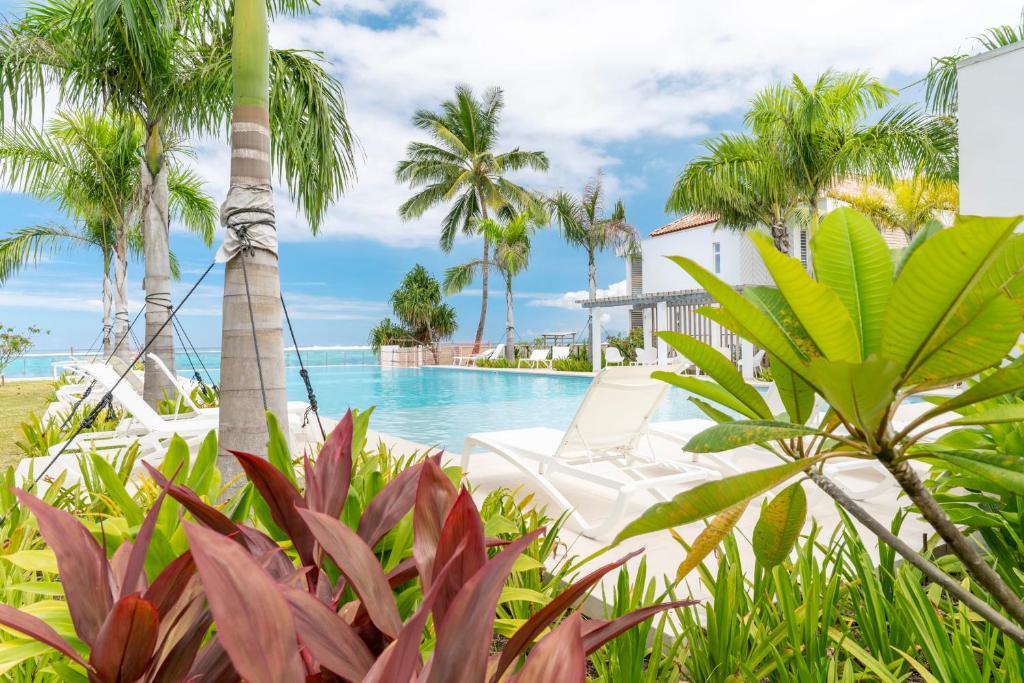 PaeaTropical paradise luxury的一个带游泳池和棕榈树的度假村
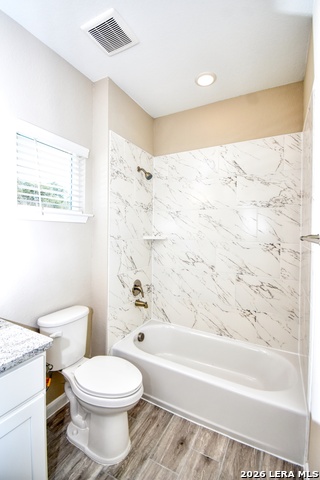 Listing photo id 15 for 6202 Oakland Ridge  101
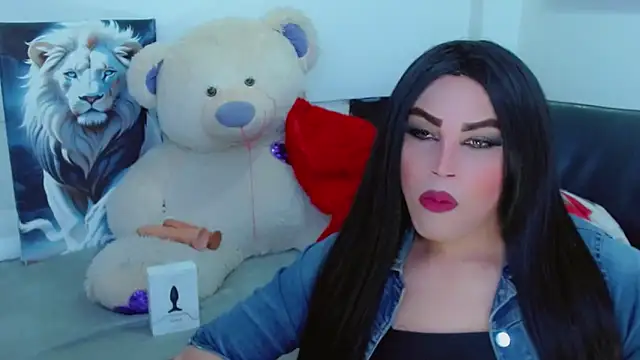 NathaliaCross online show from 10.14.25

------------

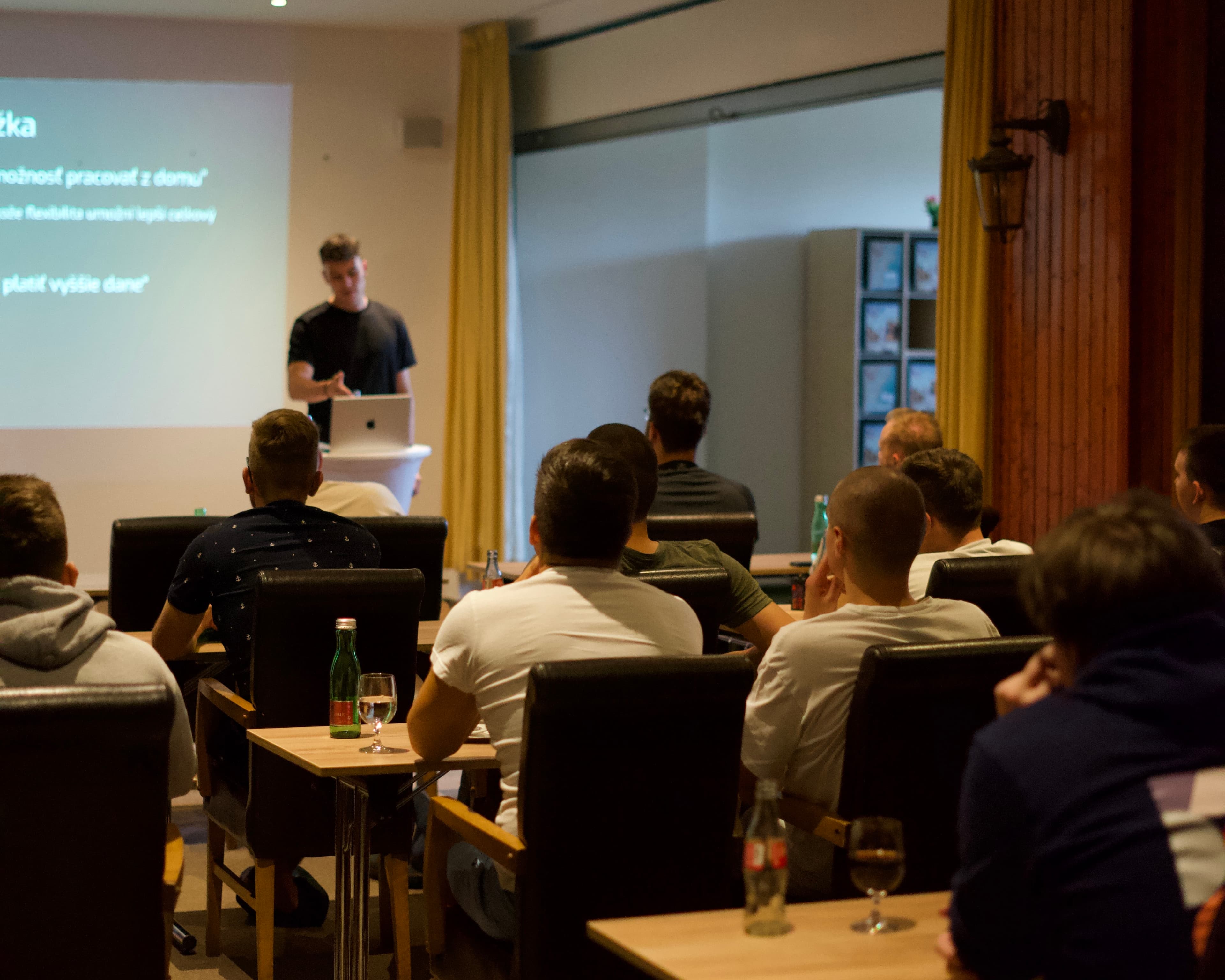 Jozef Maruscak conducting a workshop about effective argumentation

------------

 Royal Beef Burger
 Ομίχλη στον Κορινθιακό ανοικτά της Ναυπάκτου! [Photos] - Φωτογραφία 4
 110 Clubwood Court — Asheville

------------

### Work request
Return only the stretch above from the line containing "PaeaTropical paradise luxury的一个带游泳池和棕榈树的度假村" through the line containing "NathaliaCross online show from 10.14.25", word for word and without pictures.

### Reply to the task
 PaeaTropical paradise luxury的一个带游泳池和棕榈树的度假村
 Listing photo id 15 for 6202 Oakland Ridge  101
 NathaliaCross online show from 10.14.25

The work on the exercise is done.